Standard radar operates by shooting rapid microwave pulses of energy. By rotating as it shoots, it will provide a 360 degree picture. Solid objects are identified and positioned on a screen, based upon how much time it takes the pulses to be reflected. Newer "broadband" radars transmit continuous "waves" with increased frequency moving away from the dome, hit a target, and reflect back to the receiver. The difference between frequency in the transmitted and returned waves determines target distance.
Because the Earth's surface is curved and radar waves travel in a straight line, the height of a radar antenna and the height of the target determine how far your radar can see. For this reason a good antenna height is important. The power of the unit will determine its range. For example, a two kilowatts radar can paint objects 20 miles away, while a four kilowatt unit can reach objects a distance of 32 miles. Such distances are usually sufficient for most yachting activities.

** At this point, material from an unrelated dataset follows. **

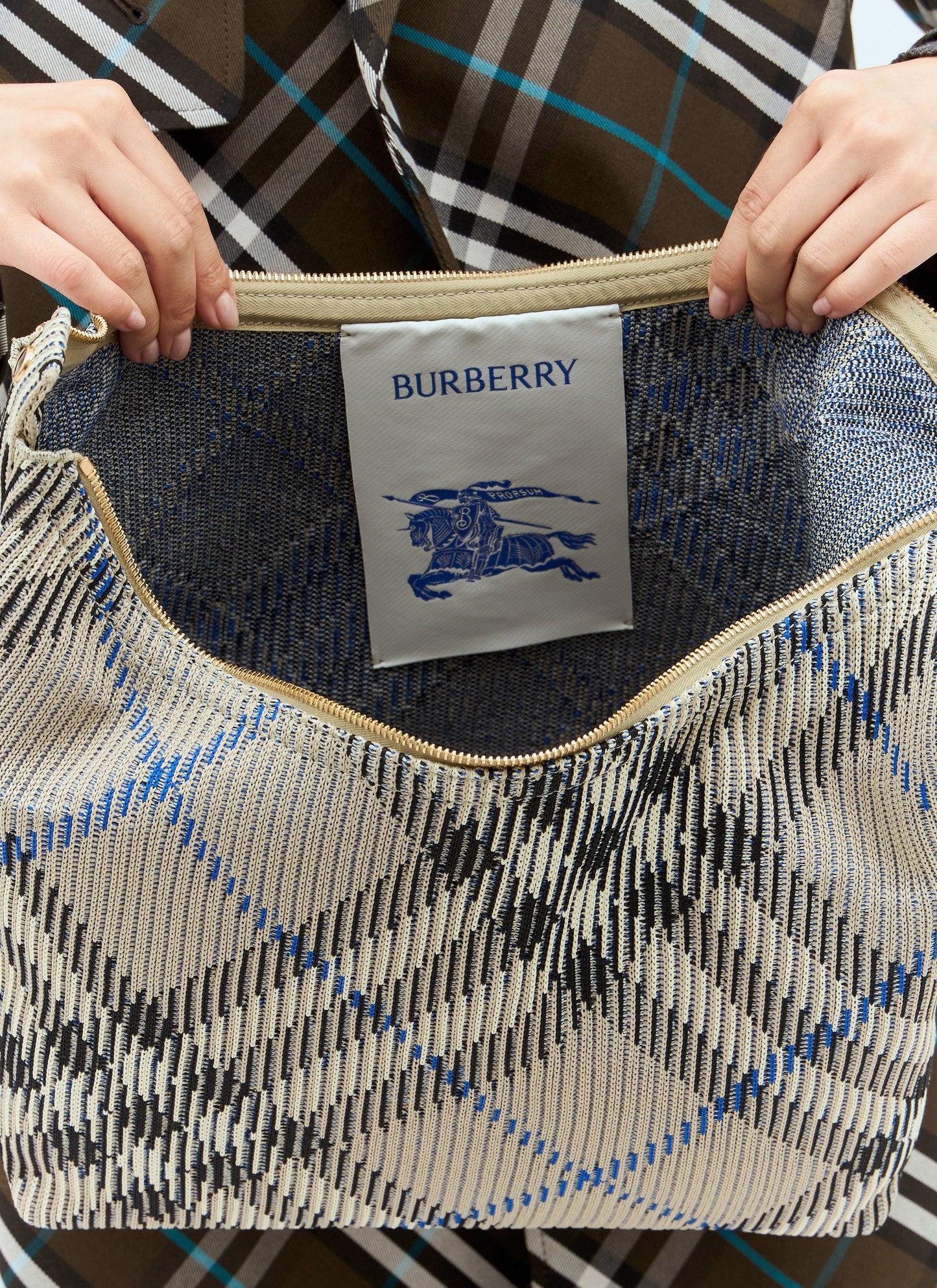 Burberry Women Medium Peg Duffle Handbag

The width of radar wave beams are generally between one degree for the more powerful units and six degrees for the more economical ones. As you would expect, narrower beams with a more focused pulse provide better target differentiation. There are other helpful features to look for with different brands, such as the ability to mark target boats and show their direction and speed. Most new radars today incorporate advanced software that allows you to set your radar to a full-auto mode, eliminating the need for constant tuning and adjustments in addition to the standard features such as alarms and distance settings. The improved sensitivity on these new systems will clearly identify floating objects and small buoys. Another important development is the reduction of power required, as compared to older radars. Many now draw less power than a cell phone, which eliminates the risk of radiation to passengers.
But even with current models you may at first find the 'paintings' on your screen, difficult to interpret. I would recommend taking a short course or at least viewing some of the YouTube videos on the subject. Once on the water you should turn on your new radar during day trips and compare what's on the screen with what you see ahead. This is an excellent way to learn how to interpret the screen and become proficient with your radar.

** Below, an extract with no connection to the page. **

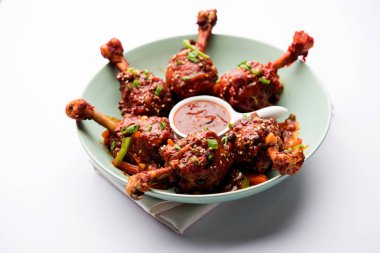 Szechuan tavuk bir popüler Hint-Çin olmayan vejetaryen yemek tarifi. bir tabak biber sosu ile servis. seçici odak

Today, all electronics manufacturers offer advanced radar systems at prices comparable to what we used to pay for a GPS chart plotter. Garmin's 40 Watt Gmr 18 HD sells for under $2,000. Navico, the world's largest marine electronics company, offer the Lowrance 3G and 4G radar models for recreational applications, with up to 36 nm range, high definition target discrimination, instant on, and no radiation - also at affordable prices. Their Simrad division offers the "NSS" combination navigation unit with all of the features mentioned plus a touch screen that allows you to select from a host of different information icons, including chart plotter, depth sounder and radar, and then drag the icon to the main screen for a full view. Raymarine has similar products.
With today's efficient and affordable menu of radars for recreational boaters, you are going to start seeing more radar antennae on runabouts and center consoles. If you would like to boat more at night, travel new destinations, or just add safety to your cruising, now is the time to look for a radar system that matches your boating needs.